I was in a room much like the room I was in before, but it seemed from the window that we were even higher up. The pictures on the wall were different, depicting a mountain landscape with a few bright, fluffy clouds above the mountaintops. I was in a new bed with soft sheets, which I moved aside to discover that my clothes were gone. Chance sat in a chair opposite the bed, fast asleep.
I looked for my clothes and sword, and found them neatly piled on a table in the corner. I rose and dressed swiftly, taking care not to wake Chance. I still didn't understand what was going on, but I decided it wasn't urgent enough to wake him. I managed to make it to the door and turn the handle before I heard his voice behind me, "Oh, I must have dozed off. I'm glad you're awake."

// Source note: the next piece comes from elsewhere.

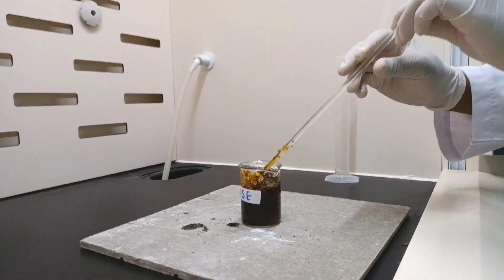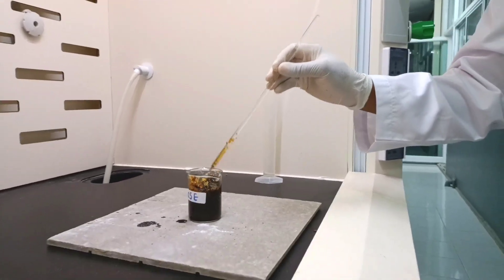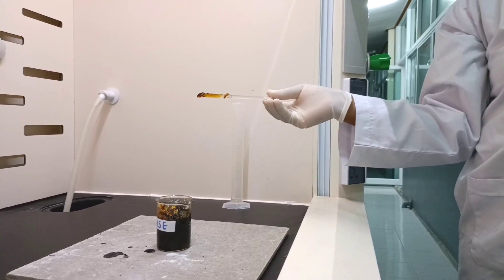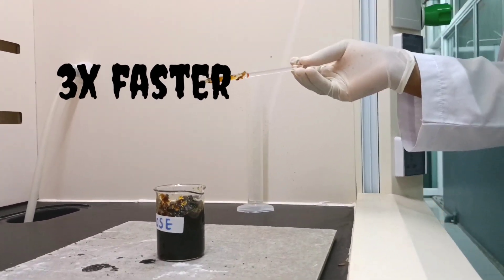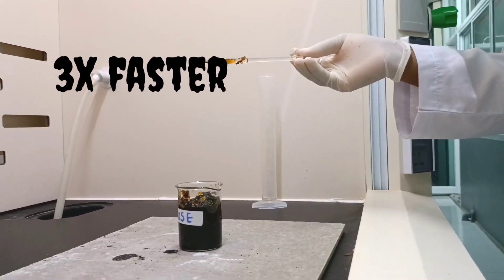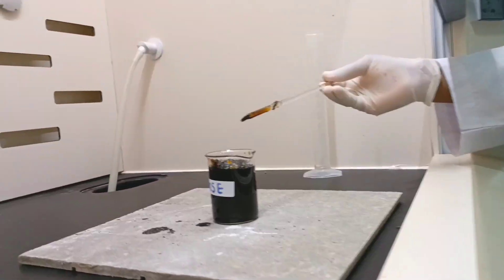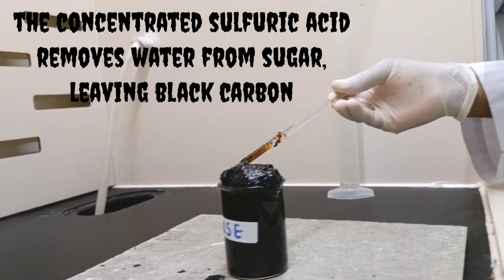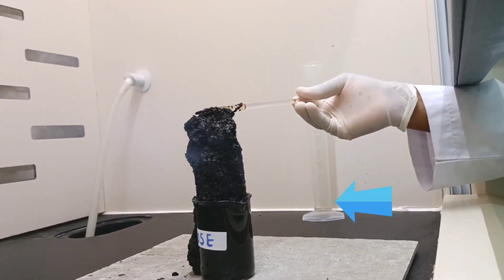Now we have our sucrose all stirred and we watch what happens. Can you see? It has turned completely black — my carbon snake! Wow, look at that!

I turned and looked at him. His eyes were bloodshot, and he looked as though he needed more sleep than he'd gotten. "You look terrible," I told him frankly. "You ought to be in bed yourself. Why were you watching over me?"

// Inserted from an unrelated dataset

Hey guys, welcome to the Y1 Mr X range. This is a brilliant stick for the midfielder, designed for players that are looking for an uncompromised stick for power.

He looked at me oddly, searching my face for something. "What do you remember about last night?" he asked quietly.
I thought about this before I answered. "Not much," I finally admitted. "I remember my room shaking and falling out of bed. I still don't know what did it. I remember going out into the hall and seeing Duragan, who told me that everyone was accounted for except Marisa. I don't remember anything after that, so I suppose something must have happened to me. I feel fairly well, overall. Even my shoulder isn't hurting as much."
Chance regarded me silently for a moment longer, and I started to get nervous. What had happened? Then he said, "Do you remember what happened to Marisa?"
I thought about this again, then shook my head sadly. "Everything is a blank from Duragan until now. Where are we, anyway? I don't recognize this place."
"Marisa is dead, Amagor," Chance stated bluntly. "You found her in her room, and she was already dead. Something struck her skull and it must have killed her instantly. You picked her up and carried her out, and everyone says that you kept asking for a healer for her. I was there at the end when you collapsed on the street."
I frowned and thought hard. Did any of this sound familiar at all? No, none of it did. I knew enough about combat wounds to tell when someone was beyond the help of a healer, so why would I have acted so irrationally? Also, since Narsala had died, there was no one capable of any serious magickal healing. From what Stu told me, magick didn't work right in this world, which is why they had so many clever machines. They got past their lack of magick by being clever. Although bringing Marisa's body out of the building wasn't out of character for me, insisting on a healer was not something I should have done. And I couldn't remember doing either. "You're serious," I said finally. "I did that?"
Chance nodded quietly. "You were completely irrational. You wouldn't listen to the fact that she was dead, you just kept insisting that we had to find a healer for her. Then Dukoth started looking through her clothes and you threatened him with your sword. That's when you blacked out. You've been asleep for fourteen hours."
This worried me greatly. I had been under great stress before, even to the point where my life was in danger, but I had never failed so badly before. Had the Lady made a mistake in sending me to join these heroes? Perhaps she should have let me die at the hands of Ballor the Mighty after all. An ignoble death is better than risking the lives of good people.